In January, shortly after the earthquake in Haiti, a distressing article hit the newswire. I was horrified to read that 84 surviving residents of the Port-au-Prince municipal nursing home lacked food, water, medicine, and basic care despite the fact that they were only a mile from the airport where aid shipments were arriving hourly.
I immediately reached out to colleagues who I thought might be able to help. Equally horrified, they leaped into action. We all knew from the post-Hurricane Katrina experience that frail older adults die quickly when they don’t receive the nutrition and medical attention they need. Although the Florida Health Care Association (FHCA) tried to arrange for the older adults’ evacuation to open nursing home beds in Florida, their efforts were blocked. The U.S. government was allowing only U.S. citizens to evacuate from Haiti to the U.S. mainland.
Thankfully, HelpAge International, an organization dedicated to helping older adults around the world lead dignified and healthy lives, was able to step in and help. Although their partner organization on the ground in Haiti, CARPA, was deeply affected by the quake, they quickly dispatched two doctors and four nurses to the municipal home and other hard-hit nursing homes. They followed up with a shipment of emergency supplies overland from the Dominican Republic, and began coordinating transport of the most gravely ill to hospitals.

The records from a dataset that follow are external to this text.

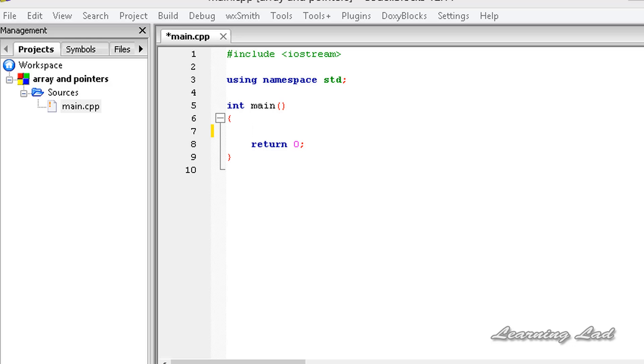Hi, this is Anil and welcome to the video tutorial for the Learning Light on C++ programming. In this tutorial, we're going to learn about the relationship between an array and a pointer.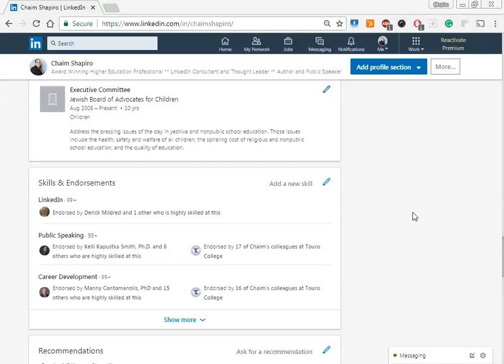Hello, this is Chaim Shapiro, and I want to share an advanced LinkedIn tip down here in my skills and endorsements, which is on your profile page.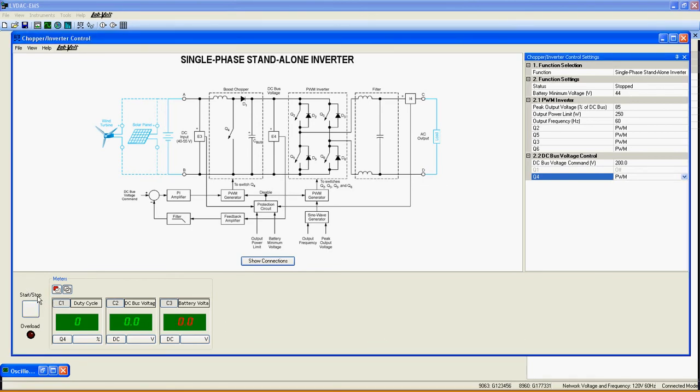Here you have the start stop button. Just below, the overload light and here, the 3 meters to track the duty cycle, DC bus voltage and battery voltage of the function in real time. Just hit the single refresh or continuous refresh button to see those values.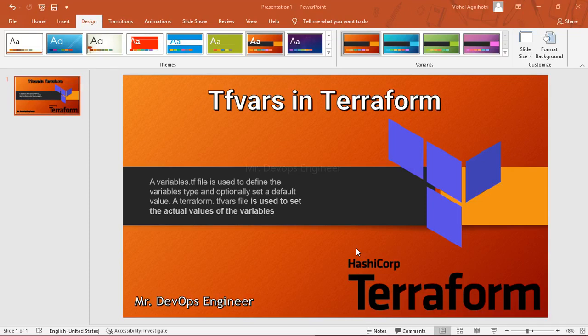Hello and welcome to the seventh video series of Terraform. In today's session I will be demonstrating about the tfvar file in Terraform. Why do we use it? In simple words, you can say this is an advanced version of the variable.tf file. So what are the challenges we were facing if we were using the variable.tf file?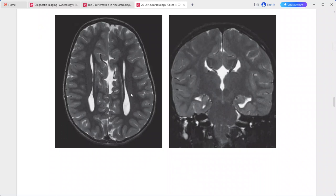On T2-weighted images, the corpus callosum is absent at the midline. The lateral ventricles have a parallel configuration. There is a small bundle of white matter called the bundle of Probst, running anteroposteriorly along the medial aspect of the lateral ventricles.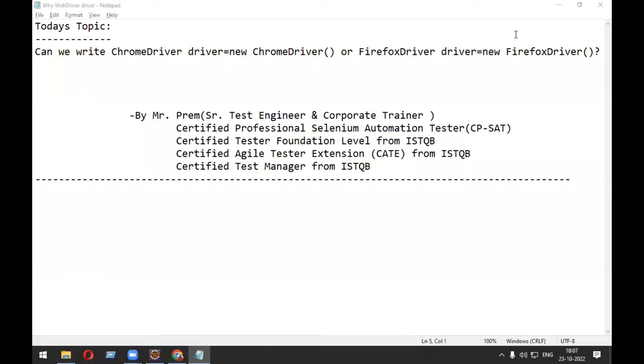Welcome everyone. Today we are going to discuss one more interview question: Can we write ChromeDriver driver = new ChromeDriver() or FirefoxDriver driver = new FirefoxDriver()? This is a very important interview question.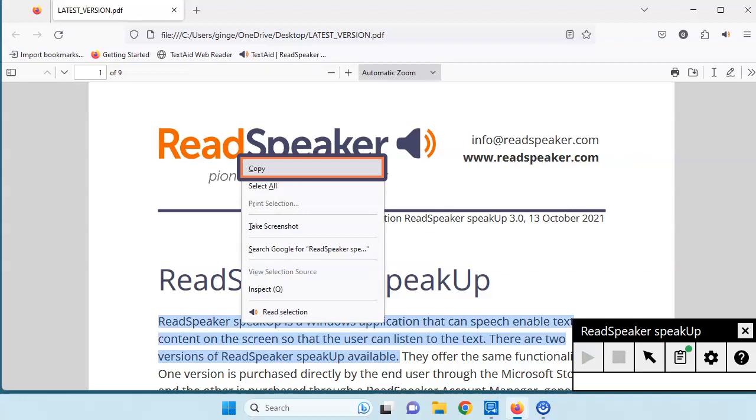When you release your mouse, the material will start playing in a pop-up window while simultaneously highlighting the words. As we listen, we will illustrate the pause, play, and stop tools that you can use.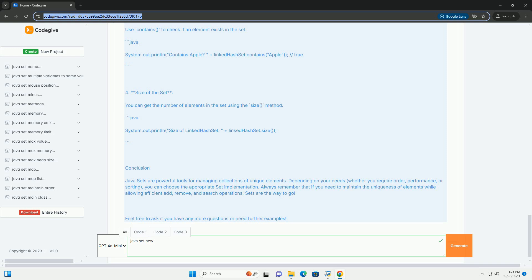Step 3: Other Common Operations. 1. Iterating Through a Set - You can iterate through the elements of a set using a for-each loop. 2. Removing Elements - You can remove elements using the remove method. 3. Checking for Elements - Use contains to check if an element exists in the set. 4. Size of the Set - You can get the number of elements in the set using the size method.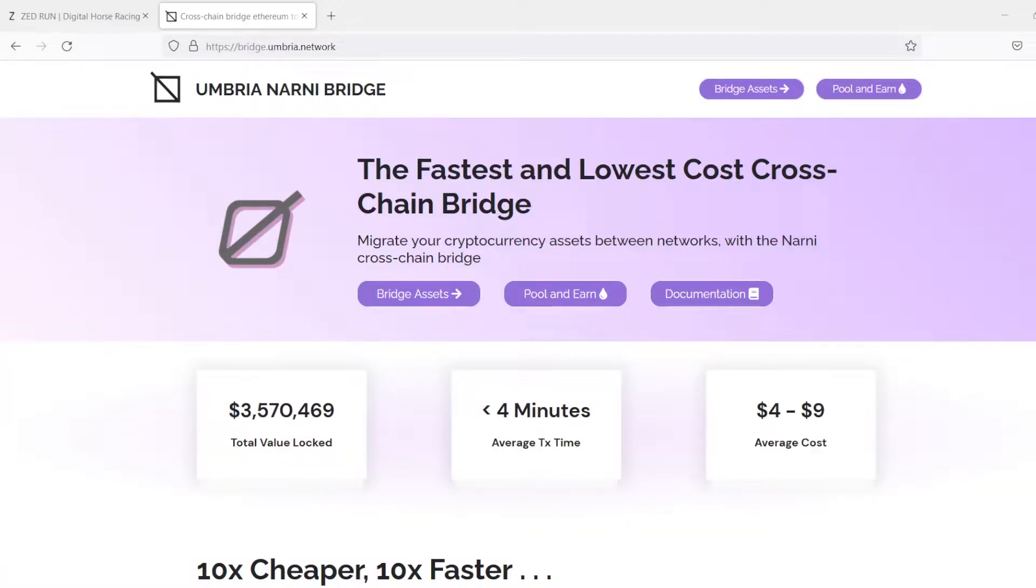Alright, so today we're going to talk real quick about the Umbria Narni bridge. This is the fastest and cheapest way that I know to transfer Ethereum to Polygon or Matic.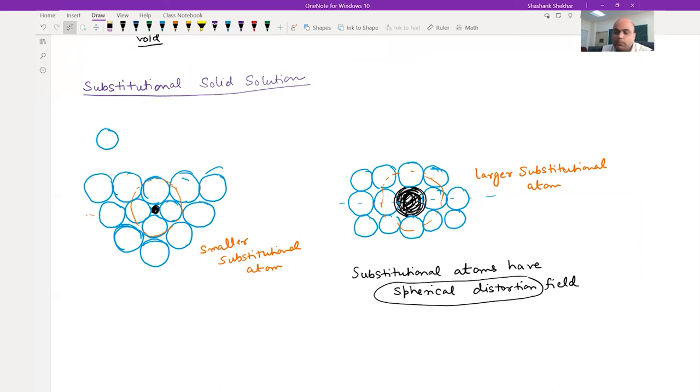Since the nature of distortion is different in interstitial and substitutional atoms, the way they interact with dislocations is also going to be different for substitutional and interstitial solid solutions. We will learn more about solid solution strengthening in the next lecture. Thank you.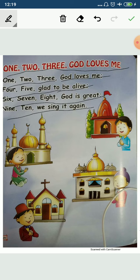6, 7, 8, God is great. 6, 7, 8, God is great. 9, 10, we sing it again. 9, 10, we sing it again. Okay?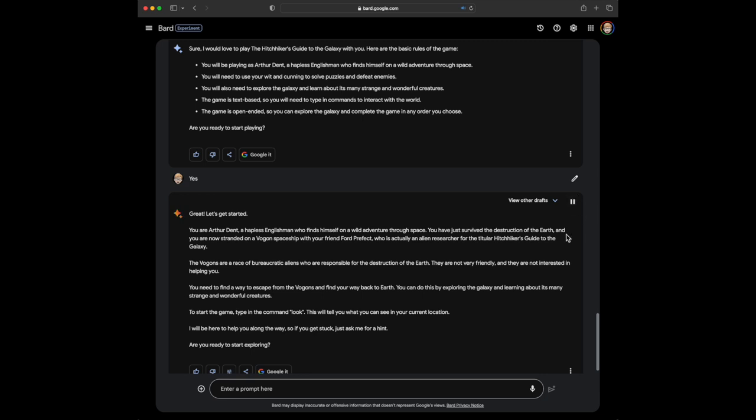Great! Let's get started. You are Arthur Dent, a hapless Englishman who finds himself on a wild adventure through space. You have just survived the destruction of the Earth, and you are now stranded on a Vogan spaceship with your friend Ford Prefect, who is actually an alien researcher for the titular Hitchhiker's Guide to the Galaxy. The Vogans are a race of bureaucratic aliens who are responsible for the destruction of the Earth. They are not very friendly, and they are not interested in helping you. You need to find a way to escape from the Vogans and find your way back to Earth. You can do this by exploring the galaxy and learning about its many strange and wonderful creatures. To start the game, type in the command LOOK. This will tell you what you can see in your current location. I will be here to help you along the way, so if you get stuck, just ask me for a hint. Are you ready to start exploring?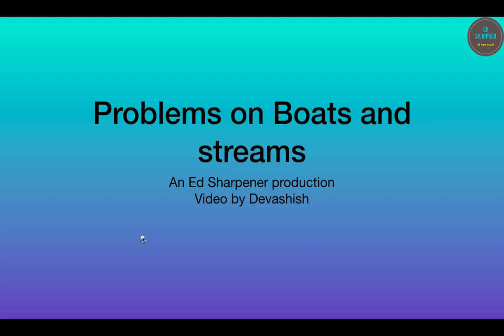Hello viewers and aspirants, welcome back. My name is Deva Shesh and this is an Ed Sharpener production. Today we are back with another general aptitude session which will be helpful in GIT exam, CAT exam and other various examinations. If you have not subscribed to the channel yet, please do because it encourages us. Today we'll be looking at boats and streams problems and some concepts.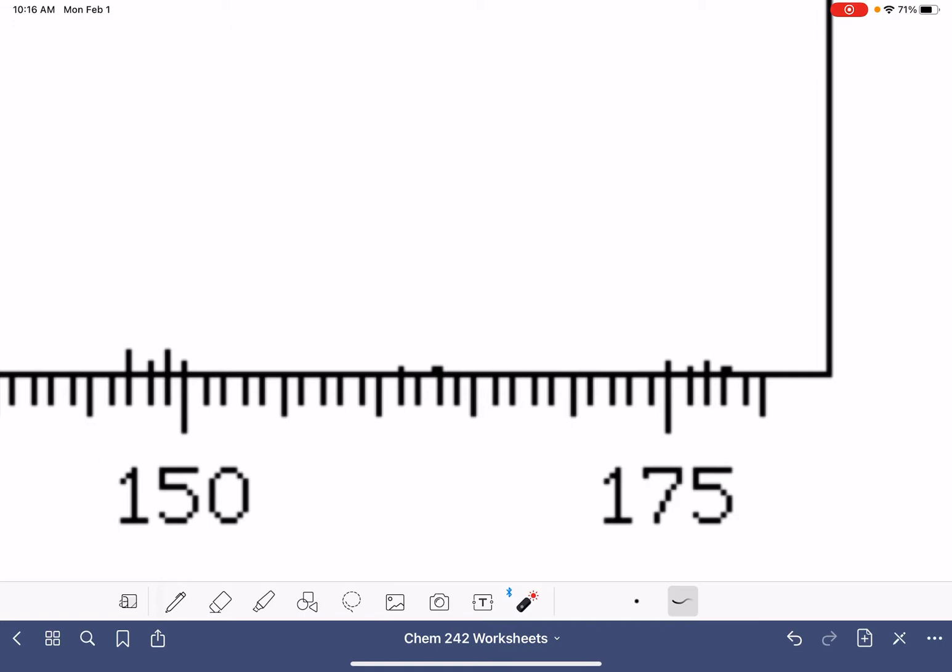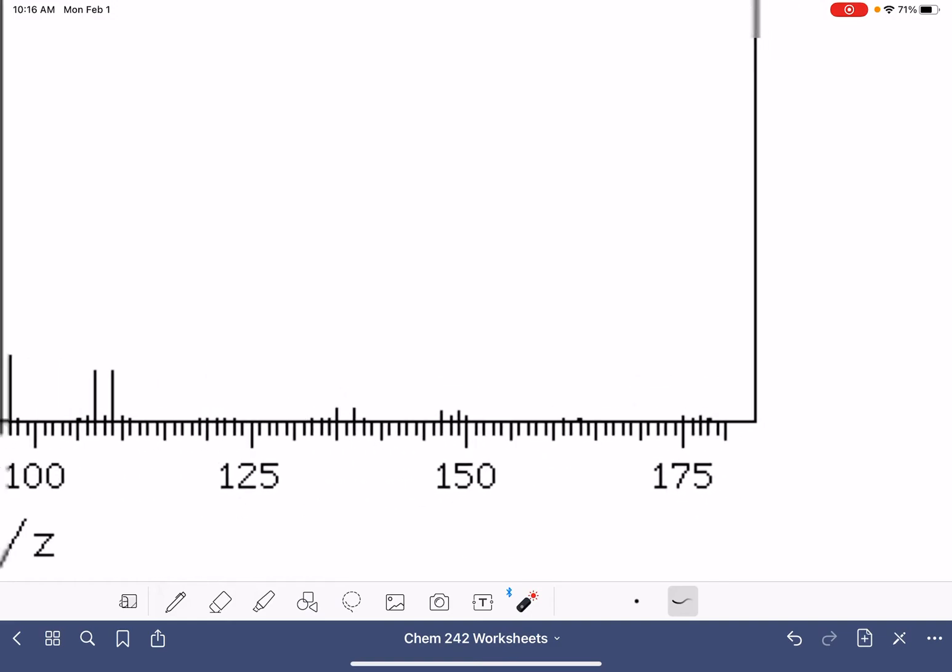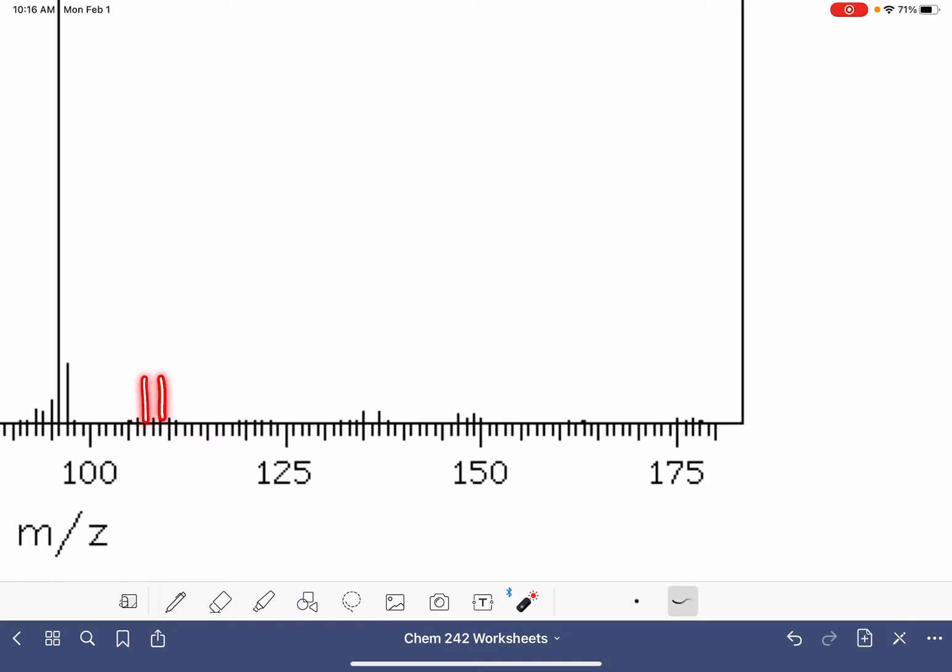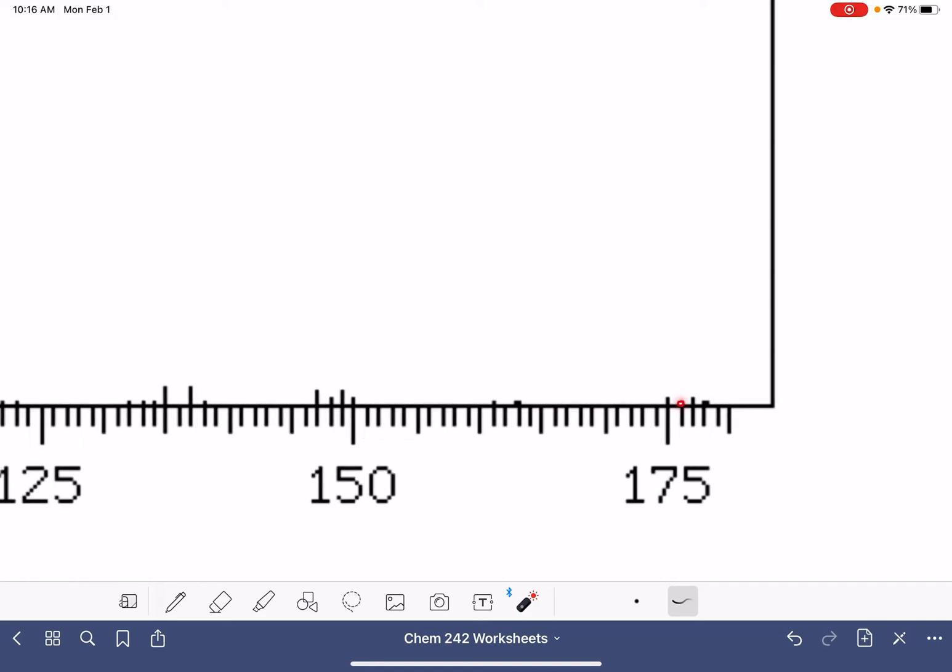Those peaks are so tiny, but there they are. This mass spec is actually really difficult to analyze because of how low intensity all of these peaks are. These are actually M plus two peaks. It's a little bit easier to see here and here, but we do have bromine present in this molecule. We have a peak and another peak that is two units higher and they are equal intensity.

HelpAge International is now managing Port-au-Prince’s municipal nursing home, as well as helping older adults and their families in and around Port-au-Prince. You can read updates on the situation here and here. For a different perspective, see this recent article in the Washington Post on the plight of older adults in Haiti. It focuses on the municipal nursing home, and although it acknowledges that nurses are now present to help the patients, it reports that the situation is still quite grim.
While I am relieved that HelpAge was ultimately able to reach the nursing home residents, I am saddened that unnecessary suffering and death preceded their arrival. This incident underscores the necessity of why foundations and organizations dedicated specifically to older adults are so necessary: most nonprofits and government agencies put older adults last in an emergency. As Rosaleen Cunningham from HelpAge wrote, “Time and time again, HelpAge sees this awful situation repeated. Those who are most vulnerable are last to receive aid. They are not able to queue for hours for food and emergency items, and they are not the loudest demanding to know when aid will come.”
After Hurricane Katrina, we worked with FHCA to create a disaster planning toolkit for nursing homes. Clearly, much more work is needed to increase worldwide knowledge of the importance of including older adults’ needs in disaster planning.